As soon as she has walked around the corner, I grab her iPhone. I know her passcode. I had to borrow her phone once and she gave it t
o me; a contortion of her birthday – easy to remember. Hands trembling, stomach tight, worried she will return too quickly and catch me, I manage to put the iPhone tracker on her phone, and synch it with mine. I sigh inside with relief. Now I will know where she is at all times. If she goes anywhere near you, Saffron, I’ll be there to protect my you, my love. Hayley will not get away with anything. As soon as she makes a move, I will jump.
183
Hayley
Miles, lunch was rather stilted, a bit awkward at times. You are stringing me along, arranging to meet me, without making a proper move yet. But you wouldn’t have arranged to meet me if you weren’t interested. You wouldn’t take the risk. What if Saffron finds out?

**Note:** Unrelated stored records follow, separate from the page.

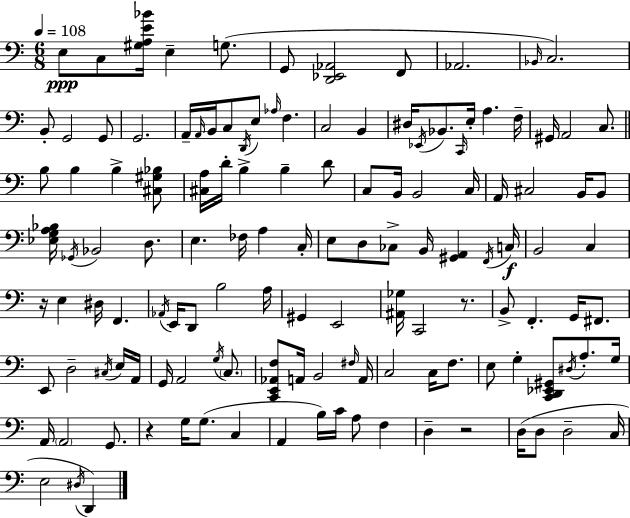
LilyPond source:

{
  \clef bass
  \numericTimeSignature
  \time 6/8
  \key a \minor
  \tempo 4 = 108
  e8\ppp c8 <gis a e' bes'>16 e4-- g8.( | g,8 <d, ees, aes,>2 f,8 | aes,2. | \grace { bes,16 }) c2. | \break b,8-. g,2 g,8 | g,2. | a,16-- \grace { a,16 } b,16 c8 \acciaccatura { d,16 } e8 \grace { aes16 } f4. | c2 | \break b,4 dis16 \acciaccatura { ees,16 } bes,8. \grace { c,16 } e16-. a4. | f16-- gis,16 a,2 | c8. \bar "||" \break \key c \major b8 b4 b4-> <cis gis bes>8 | <cis a>16 d'16-. b4-> b4-- d'8 | c8 b,16 b,2 c16 | a,16 cis2 b,16 b,8 | \break <ees g a bes>16 \acciaccatura { ges,16 } bes,2 d8. | e4. fes16 a4 | c16-. e8 d8 ces8-> b,16 <gis, a,>4 | \acciaccatura { f,16 }\f c16 b,2 c4 | \break r16 e4 dis16 f,4. | \acciaccatura { aes,16 } e,16 d,8 b2 | a16 gis,4 e,2 | <ais, ges>16 c,2 | \break r8. b,8-> f,4.-. g,16 | fis,8. e,8 d2-- | \acciaccatura { cis16 } e16 a,16 g,16 a,2 | \acciaccatura { g16 } \parenthesize c8. <c, e, aes, f>8 a,16 b,2 | \break \grace { fis16 } a,16 c2 | c16 f8. e8 g4-. | <c, d, ees, gis,>8 \acciaccatura { dis16 } a8.-. g16 a,16 \parenthesize a,2 | g,8. r4 g16 | \break g8.( c4 a,4 b16) | c'16 a8 f4 d4-- r2 | d16( d8 d2-- | c16 e2 | \break \acciaccatura { dis16 }) d,4 \bar "|."
}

You asked me how I knew about Saffron being back at work full-time. I smile inside. I have my secrets. No need to divulge too much information yet. You sounded scared. Overprotective. Don’t worry, Miles. When she’s dead I’ll make you happy. Grief is just a process. You’ll get through it in the end.
184
Saffron
Julie has just shown in my new client, Crispin Montague. He first made money in the mining industry in South Africa. When he moved to the UK he bought a string of nightclubs, restaurants and high-end fashion retail outlets. He is beginning to acquire stately homes, which he turns into luxury hotels: Grantley Hall, Ripon, the Castle Leslie estate, County Monaghan, Ireland, and Leeds Castle in Kent.
He is settling into the leather armchair in front of my desk.
‘Can I get you a tea or coffee?’ Julie asks.
‘Skinny vanilla latte,’ he requests.
And I know Julie will have to dash to Starbucks around the corner, because we do not have a machine that makes fancy drinks. She disappears. He crosses his legs and smiles at me. He is white-blond, so pale that I can’t see his eyebrows or lashes. Skin like Caribbean sand. His eyes are a piercing cornflower blue. His pale suit complements his eyes. Extravagant cream leather boots with triangular toes, painted-on flowers, like curvy embroidery. A supercool combination of masculine and feminine.